-- What to work on --
Only the lines from the first line of the data through the line containing "NY license plate FAC4811" belong in the answer, transcribed exactly; pictures do not.

-- Data block --
Content starts

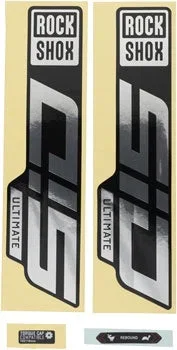 SRAM DISC BRAKE PADS – ORGANIC COMPOUND, STEEL BACKED, POWERFUL, FOR LEVEL, ELIXIR, AND 2-PIECE ROAD ROCKSHOX FORK DECAL KIT – SID ULTIMATE, 27.5″/29″, GLOSS RAINBOW FOIL/HIGH GLOSS BLACK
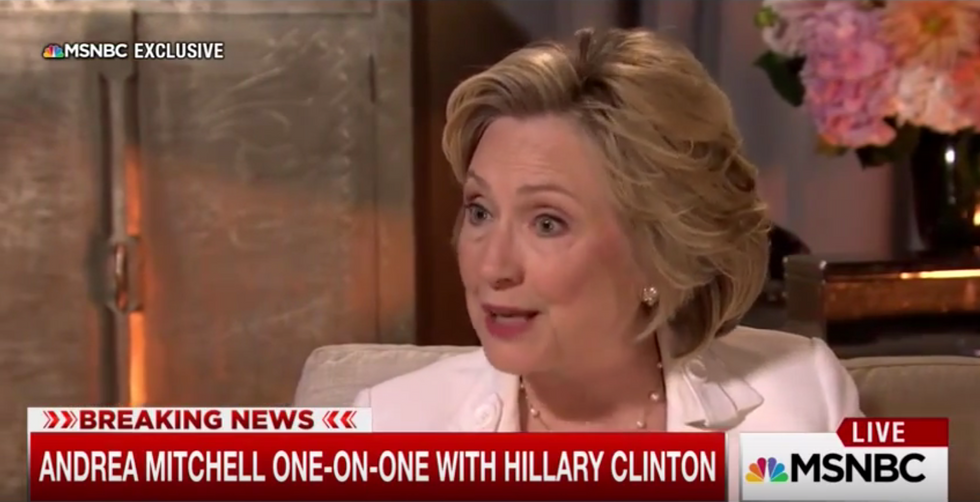 Watch the Moment MSNBC Anchor Confronts Hillary Over Email Scandal Claim: 'I Don't Think There's Any Precedent
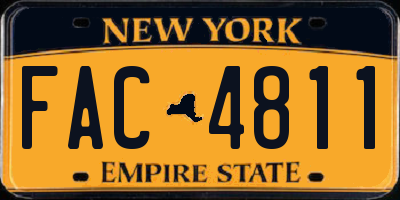 NY license plate FAC4811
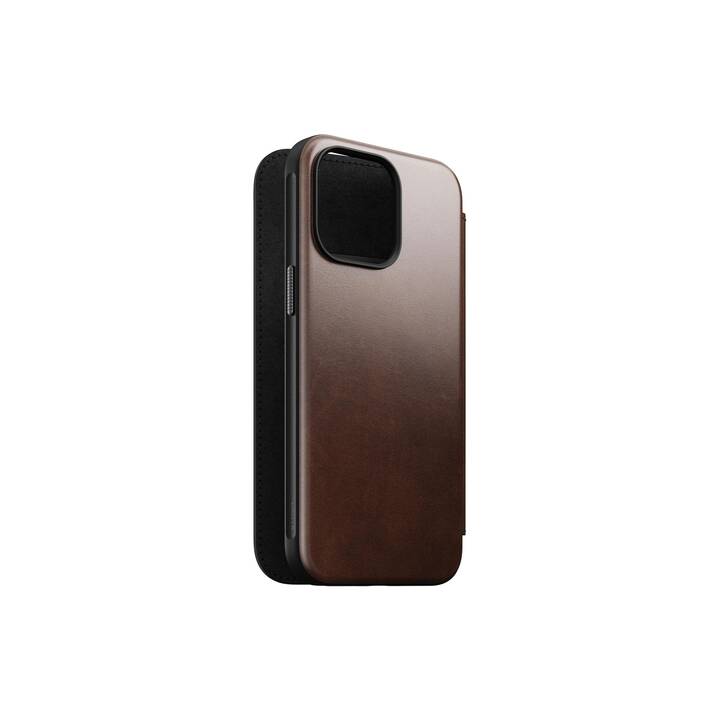 NOMAD GOODS Flipcover Modern Horween (iPhone 15 Pro Max,  Marrone ruggine)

Content ends

-- Reply to the task --
 SRAM DISC BRAKE PADS – ORGANIC COMPOUND, STEEL BACKED, POWERFUL, FOR LEVEL, ELIXIR, AND 2-PIECE ROAD ROCKSHOX FORK DECAL KIT – SID ULTIMATE, 27.5″/29″, GLOSS RAINBOW FOIL/HIGH GLOSS BLACK
 Watch the Moment MSNBC Anchor Confronts Hillary Over Email Scandal Claim: 'I Don't Think There's Any Precedent
 NY license plate FAC4811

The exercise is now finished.